Short text fragments from websites
____________________

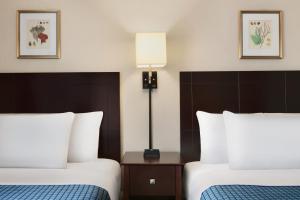 大洋城哈里森豪酒店的酒店客房,设有两张床和一盏灯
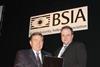 Security Management Today’s Editor Brian Sims (right) receives the BSIA Chairman’s Award for 2005 from Jim Harrower.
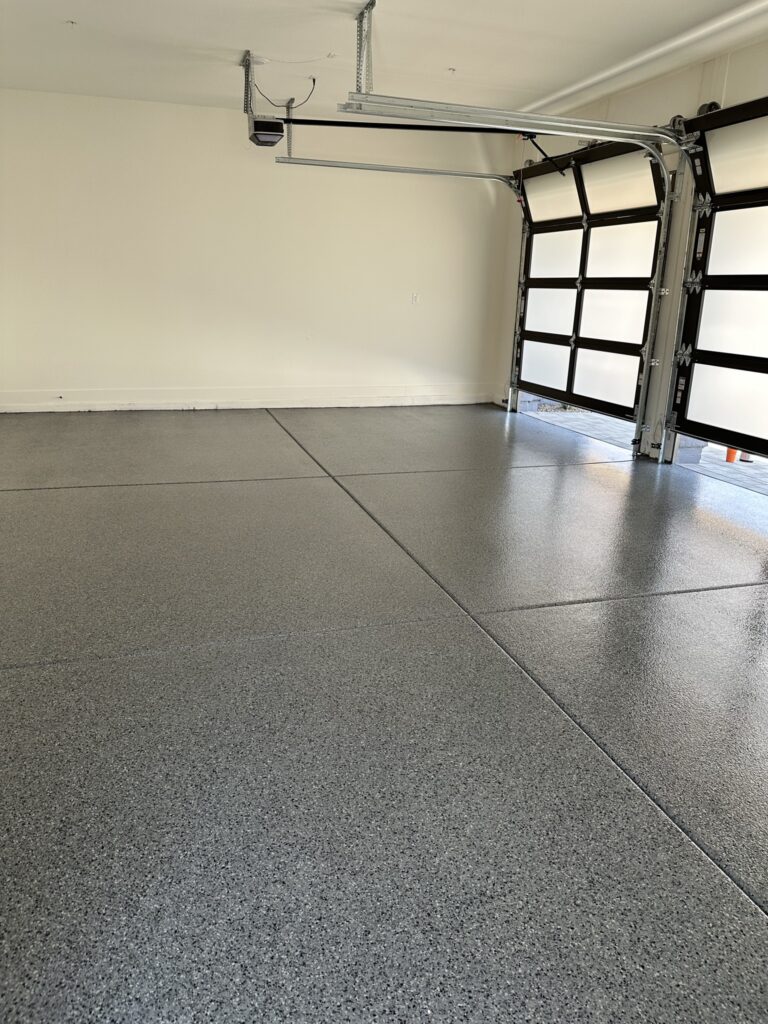 Gray Flake garage floor coating with glass doors in Scottsdale AZ by RX Garage
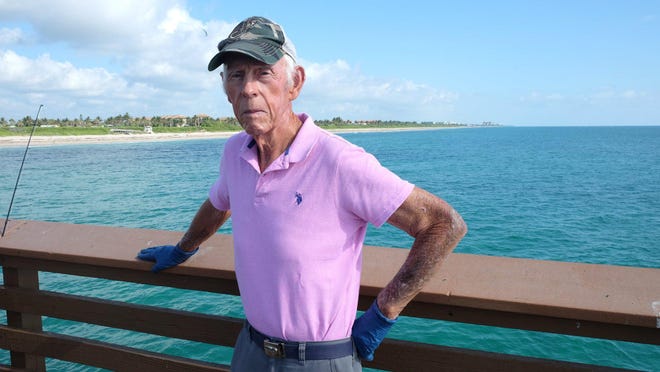 Bill Conklin stands on the Juno Beach Pier.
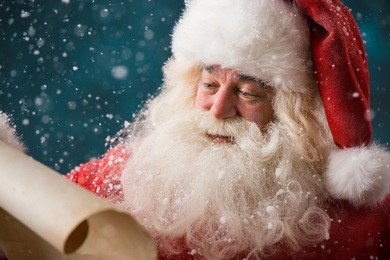 portrait of happy santa claus reading christmas letter outdoors at north pole at snowfall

____________________

- What is required -
Set down exactly, line for line, the data from the line that contains "Gray Flake garage" through its last line, keeping pictures out.

- Exercise answer -
 Gray Flake garage floor coating with glass doors in Scottsdale AZ by RX Garage
 Bill Conklin stands on the Juno Beach Pier.
 portrait of happy santa claus reading christmas letter outdoors at north pole at snowfall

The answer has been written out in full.